Esos “angelitos”, testigos presenciales de los hechos, confesaron, cada uno por su lado, que Narváez le proporcionó a Carlos Castaño, en plena época de sus ataques a las guerrillas y a sus pretendidos aliados civiles, las cintas de audio y la transcripción del contenido de conversaciones telefónicas de la senadora con unos exjefes del ELN, presos en la cárcel de Itagüí, que estaban encargados de adelantar diálogos de paz con el gobierno de la época, con ella como mediadora. Las palabras de Córdoba, ilícitamente grabadas por inteligencia del Ejército, llegaron a manos de Castaño en una de las frecuentes visitas de Narváez a los campamentos paramilitares. El individuo condenado llevó los casetes, según se lee en el fallo, “como justificación ideológica para ordenar el secuestro [de Piedad Córdoba], en consonancia con la ‘doctrina del enemigo interno’. Esta era una herramienta de enseñanza usada para respaldar la eliminación física y moral de intelectuales, periodistas, profesores universitarios y miembros de ONGs promotoras de derechos humanos que “merecían” ser borrados de la escena pública por expresar posiciones políticas divergentes de las que profesaban las ultraderechas legales e ilegales colombianas: ambas facciones se unieron, aunque en los entretelones de los oscuros salones cortesanos, para aniquilar un segmento completo del pensamiento colombiano, en esa etapa ominosa de nuestro pasado reciente.

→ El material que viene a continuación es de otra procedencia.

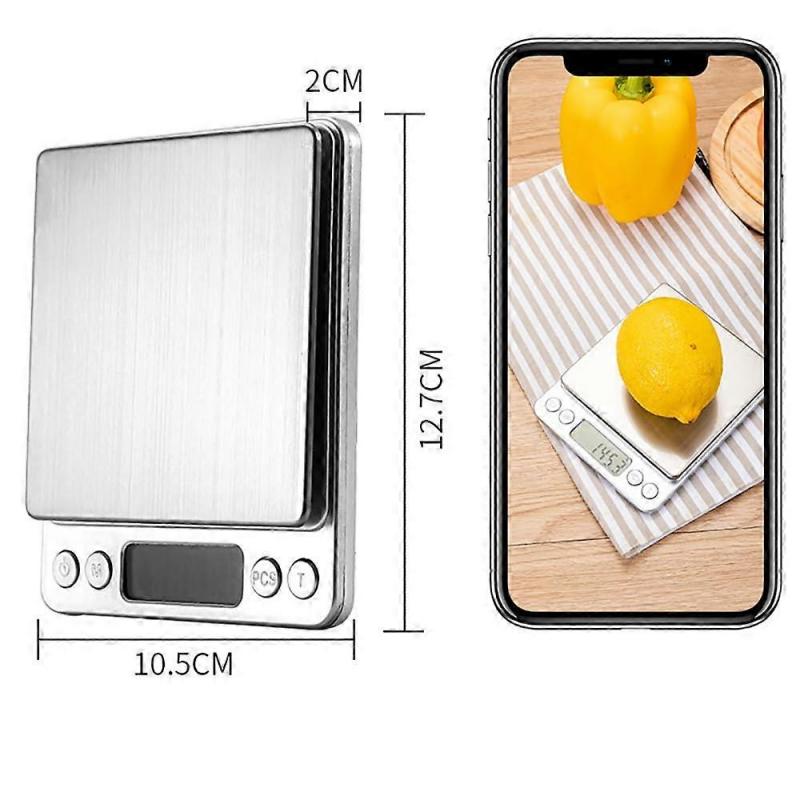 Digital Food Scale for the Kitchen, Stainless Steel Panel, 3KG 0.1 Gram LCD Accuracy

Se ha establecido que José Miguel Narváez, que actuaba como si lo hiciera por cuenta propia pero quien, simultáneamente, contaba con la delegación implícita de encopetados personajes civiles y uniformados, fue asesor de altos mandos militares desde mediados de los 90, entre otros, del mal reputado general (r) Rito Alejo del Río, afecto al gobernador Álvaro Uribe Vélez. Del Río también recibió una condena por el horrendo homicidio de un líder comunal y continúa siendo investigado por la ejecución extrajudicial de civiles, masacres, desplazamientos y asociación criminal con grupos paramilitares. Narváez, el “dios” de Carlos Castaño, de acuerdo con los testimonios del expediente, no se limitaba a cultivar la amistad de los generales: era su catedrático y, en tal función, ciertamente adoctrinaba a los militares en sus cursos de “guerra política”, psicológica y de inteligencia contra la población, en diversas escuelas de las Fuerzas Armadas. Por si fuera poco, integró las comisiones civiles de empalme del primer gobierno Uribe frente al saliente de Andrés Pastrana; fue asesor de la ministra de Defensa de esa administración, Marta Lucía Ramírez, y de Fondelibertad, un fondo antisecuestro que terminó liquidándose por corrupción. Su afinidad con el uribismo gobernante lo llevó a la subdirección del DAS, cuando el jefe de esa dependencia era Jorge Noguera, otro que terminó su carrera condenado por asesinato y por dedicarse al espionaje ilícito del fantasioso “enemigo interno” que Narváez le ayudó a montar. Semejante funcionario tan estratégico para el Ejecutivo ejercía, al mismo tiempo, como el profesor de los sicarios de Castaño, el “ideólogo” que dictaba la cátedra titulada “Por qué matar comunistas no es delito”.

Este asesino en serie, determinador –de acuerdo con las sentencias en su contra– del homicidio del dirigente Manuel Cepeda Vargas (padre de Iván Cepeda); del crimen contra la vida del humorista-periodista Jaime Garzón; de las torturas psicológicas, durante años, a la reportera Claudia Julieta Duque y a su pequeña hija; y, ahora, probado instigador del secuestro de Piedad Córdoba, no ha ingresado al museo de los depredadores de la humanidad en esta parte del mundo, por cuenta del mal llamado antimemoria nacional. Por esta plaga, la del mecanismo del olvido, Narváez sobrevive a sus múltiples condenas en la comodidad de una “prisión” dorada, con el confort que muchos no tienen afuera. Allí pasa sus días en compañía ¡de militares y policías!